Est-il raisonnable de justifier ces décisions par une vision partielle de l’évolution démographique ? En effet, ne croyez-vous pas que, si le nombre d’élèves est plus important aujourd’hui dans le premier degré, cela se répercutera directement sur le second degré dans les prochaines années ? Dans ces conditions, monsieur le ministre, pourquoi avez-vous décidé de stopper les concours de recrutement dans certaines disciplines ?

Dans la même logique, comment justifiez-vous la réduction drastique de 1 500 postes ? Cette décision conduit à une remise en cause directe de la pérennité du travail effectué par les nombreuses associations de proximité du mouvement d’éducation populaire, dont l’action complète celle de l’éducation nationale en assurant, notamment aux enfants des familles en difficulté, une ouverture à laquelle ils n’auraient pas accès dans le secteur privé en termes notamment d’accompagnement scolaire et d’activités périscolaires.

Vous affirmez de surcroît que le financement de ces associations doit désormais répondre à une logique de projet. Mais c’est déjà le cas depuis le début de l’année 2007, avec les conventions pluriannuelles d’objectifs !

Je terminerai mon analyse en évoquant le devenir des réseaux d’aide aux enfants en difficulté. Vous en conviendrez, monsieur le ministre, le soutien scolaire ne peut pas remplacer la spécificité et la qualité du travail effectué par ces personnels spécialisés. Les 3 000 enseignants qui seront sédentarisés dans des classes ne pourront pas y tenir le rôle de référents au sein d’une équipe pédagogique, comme vous voulez nous le faire croire.

Avez-vous prévu que leur classe ait un effectif très réduit, au même titre qu’une classe d’intégration scolaire ? Peut-être avez-vous prévu, pour profiter au mieux de leurs nombreuses compétences, des classes « ghettos » de 28 élèves en difficulté ? Ou bien avez-vous envisagé, par mesure d’économie, leur retour pur et simple dans une classe banalisée ?

Comment justifiez-vous alors que ces personnels soient affectés à des classes standard, avec leurs bons et moins bons éléments, alors qu’ils ont obtenu leur spécialisation après une formation de plusieurs années financée par l’État ? Ce dernier aurait-il investi à fonds perdus ?
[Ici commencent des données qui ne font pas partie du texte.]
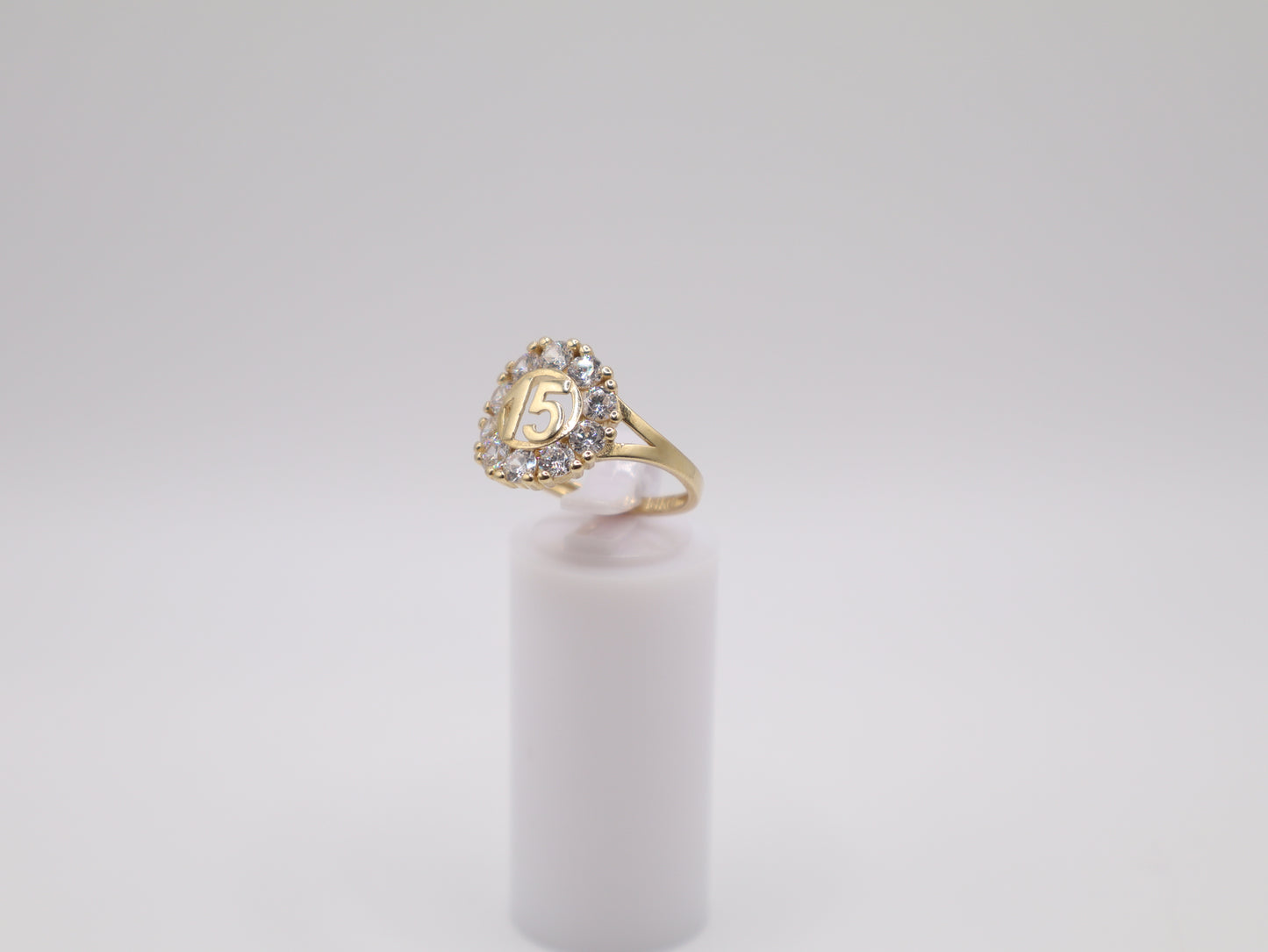 Size 8.25, 1.9mm, Quinceañera Ring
Qui s’occupera finalement des élèves en grande difficulté ? Qui accompagnera leurs familles ? Qui prendra le temps de créer le climat de confiance indispensable pour restaurer l’image de l’école et permettre les apprentissages ? Les centres médico-psycho-pédagogiques, avec leurs six mois d’attente, ou les professionnels du privé, n’auront pas la vision globale de la problématique et, en cette période de baisse du pouvoir d’achat, ils ne sont pas à la portée de tous.
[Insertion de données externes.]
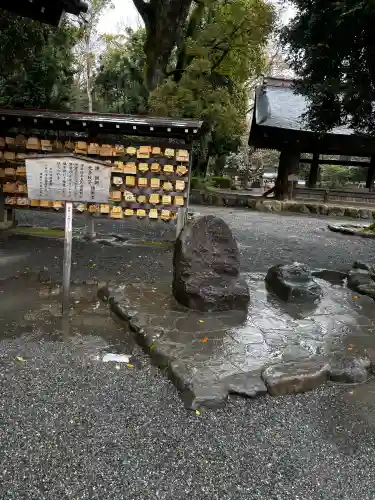 三嶋大社の{uncategorized: "未分類", other: "その他", undefined: "問題あり", building: "その他建物", grave: "お墓", sacred_gate: "鳥居", guardian: "狛犬", statue: "像", buddha: "仏像", history: "歴史", nature: "自然", garden: "庭園", animal: "動物", pagoda: "塔", temizu: "手水舎", mountain_gate: "山門・神門", sanctuary: "本殿・本堂", subordinate: "末社・摂社", art: "芸術", scenery: "景色", jizo: "地蔵", ema: "絵馬", goshuin: "御朱印", omikuji: "おみくじ", items: "授与品その他", amulet: "お守り", goshuincho: "御朱印帳", eats: "食事", festival: "お祭り", votive_dance: "神楽", shichigosan: "七五三参", wedding: "結婚式", experience: "体験その他", initially: "初詣", around: "周辺", anti_infection: "感染症対策"}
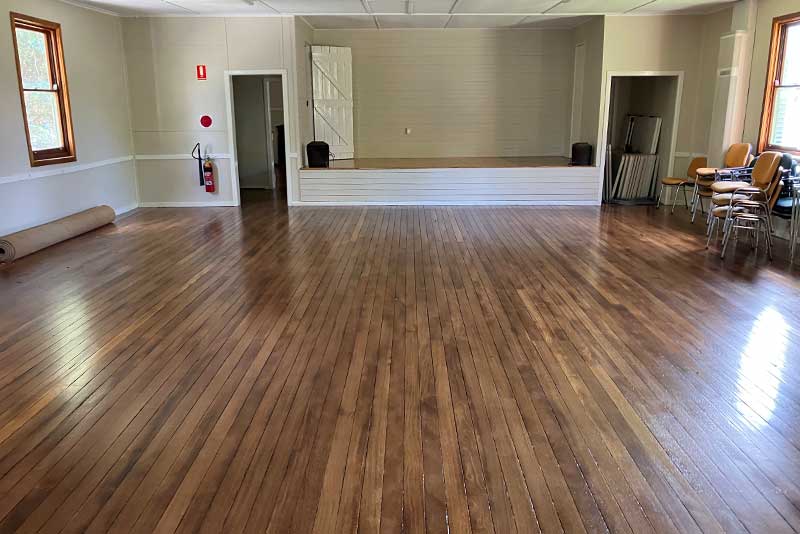 Hoskinstown-Hall-interior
Vous confirmez ainsi votre choix de valider l’école à plusieurs vitesses.

Mon collègue François Fortassin, ainsi que l’ensemble des membres du groupe RDSE partagent ces interrogations et une terrible incompréhension en la matière.

Nous rêvons tous d’un projet ambitieux pour l’éducation nationale ; cependant, rien ne nous oblige à légiférer dans la précipitation, comme vous nous invitez à le faire aujourd’hui.

C’est pourquoi, monsieur le ministre, nous conditionnons notre vote à l’engagement de votre part de mener une évaluation régulière des réformes engagées, qui conduise à des ajustements, voire à des modifications, et ce pour le bien des élèves, en concertation avec les professionnels concernés et les parents. (Applaudissements sur les travées du groupe socialistes, ainsi que sur certaines travées du RDSE.)